# Saving Nut Shells



## meateater (Jan 6, 2010)

I just thought of this, does anyone save the shells from various nuts for smoking wood? Seems like there might be some unknown flavors out there like chestnut, sunflower,........


----------



## scarbelly (Jan 6, 2010)

There are several posts using Pistacchio nuts - the idea of using pecan shells or walnuts is very interesting


----------



## fire it up (Jan 6, 2010)

Never thought about that, I put all the shells from nuts crushed and into the compost pile, good for it.
Never put the nuts in the compost though.


----------



## bluefrog (Jan 6, 2010)

I have used both pecan shells and whole hickory nuts for smoking.  They work great just like the wood.

Scott


----------



## langemr (Jan 8, 2010)

Anyone know of a place that would sell pecan shells by chance?  i seen smokecage has them but no where else really.


----------



## grampyskids (Jan 8, 2010)

Here in NorCal, we have a lot of Pistacchio groves.

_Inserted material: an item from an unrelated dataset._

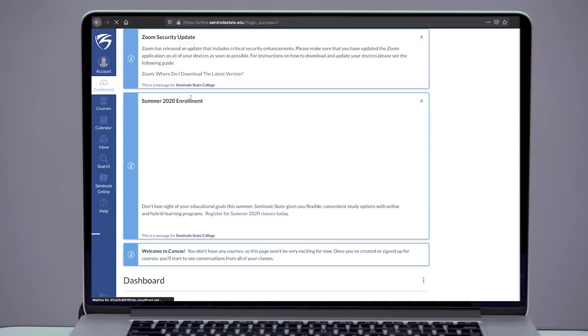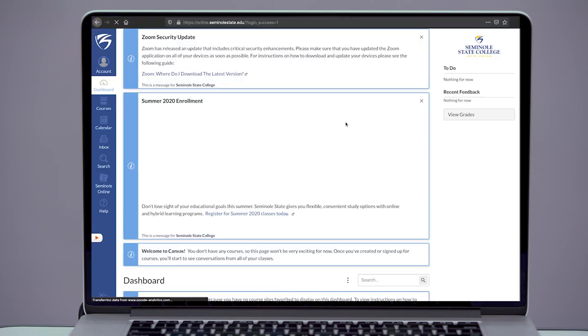Step 1. Log into Canvas and take a tour of the virtual space. Be sure to complete Getting Started or Orientation Tasks and Tutorials. Learn where to find lectures, class activities, and assignments.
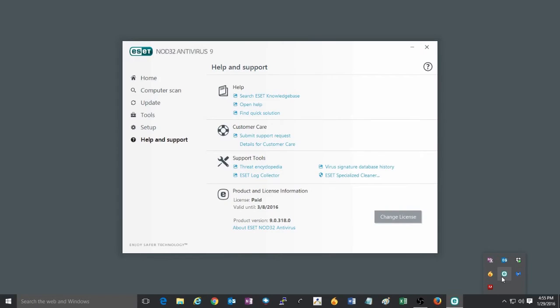To begin this process, click once on the show hidden icon in the bottom right corner of the screen, then click once on the ESET icon to open the program.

Most of the shells are ground up as a supplement for bird food. I just bought 10# of pistacchio shells fro $12.40. Used abut 2.5# on the first smoke. They lasted for about 30 minutes of smoking. IMHO they are not worth the price or time.


----------



## mballi3011 (Jan 8, 2010)

Now that does sound alittle expensive to by them but if you eat the nuts I guess it wouldn't be that bad I guess.


----------